In louder situations if you are using a lower-powered amp then you may need a pair of our 1x12" cabs. In very LOUD situations or outdoors then you may need two even with a powerful amp pushing them.

12XN larger one cab solutions

If you want one cab that can handle anything go for the Big Twin 2. If your fingers/bass/amp/FX can create a tone than the BT2 will reproduce it faithfully and VERY LOUD with plenty of bottom and great dispersion around the room.

If you do not need extended HF response (i.e. you prefer flatwound or old roundwound strings, roll your tone knob off or turn your treble down) then the Super Twin is the answer. The only exception would be if you tune down to below low-B or use a lot of FX with synths and octavers with extremely high LF output.

Modular equivalents to the large 12XN cabs

If you want the performance of the Big Twin 2 but would rather have two smaller cabs than one larger cab, then two Big Baby 2s have near identical tone and performance (they actually fractionally better it in the lows thanks to having a little more enclosure size and more port area and are taller so more audible on very cramped stages if you're tall).

If you want the performance of the Super Twin but would rather have two smaller cabs than one larger cab, then two Super Compacts have near identical tone and performance (they actually fractionally better it in the lows thanks to having a little more enclosure size and more port area and are taller so more audible on very cramped stages if you're tall).

Mix and match 12XN rigs

All the 12XN550 Barefaced cabs will work well together. However the best pairings are either with identical cabs or with matching 1x12" and 2x12" variants (i.e. BB2 with BT2, SC with ST). The other particularly good pairing is the Super Midget with the Super Compact.

 

Barefaced Generation Two  - discontinued models information (2010-2013)

The Engineered Modular System

Our most popular cabs, and indeed the ones that suit most bass players, are the modular range of Midget, Compact, Super Twelve and new Super Fifteen. These cabs have a tonal profile similar to other top quality bass cabs yet produce greater output for their size whilst weighing less. They do not suffer from the excess midrange and weak lows which characterises the earlier and cheaper neodymium magnet bass drivers but have the full fat yet clear sound of expensive drivers in carefully aligned, properly braced and correctly damped enclosures.
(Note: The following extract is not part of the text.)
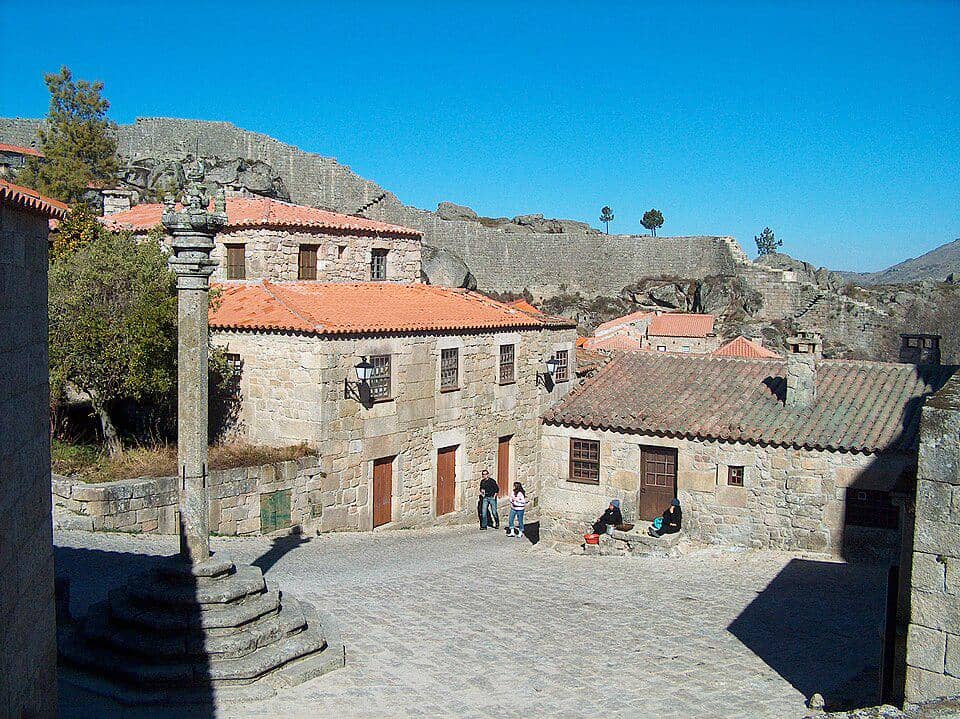 Desa Sortelha di Portugal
Both the Midget and Super Twelve are available with high quality tweeters with custom built crossovers which extend the response to the limit of human hearing with remarkably even response, low distortion and none of that spikey fizzy sound that marrs less well designed woofer+tweeter cabs. They can even do double duty as high output compact PA cabs!

These four cabs can be used singly or in various combinations, to handle the smallest to the loudest gig, and have been carefully engineered to couple as efficiently as possible and provide an effective polar pattern when multiple cabs are used. The most popular modular Barefaced rig of Midget+Compact can play louder and fatter than any 4x10" on the market, yet you can use a lone Midget as a tiny but very loud stage monitor or to fill surprisingly large venues with bottom, whilst the Compact as a standalone has comparable midrange punch and treble clarity yet bigger deeper lows so can handle larger venues without PA support.

The Big Series

2013 update! The cabs haven't really changed but the amplifier landscape very much has - the typical power output of bass amps, particularly lightweight ones, is usefully higher than when we started Barefaced. Consequently we'd say that if you want a BIG sound and either have a powerful amp or are willing to buy one, then these are the cabs for you. The Big Twin and Big Baby (and corresponding Baby Sub) represent a quantum leap forwards in bass cab technology. Some bass players will find these cabs too revealing but if you are after the most accurate representation of the sound of your instrument, which remains consistent both on and off-axis and as you turn up louder and louder to punishing SPL, then these cabs are quantifiably the best on the market.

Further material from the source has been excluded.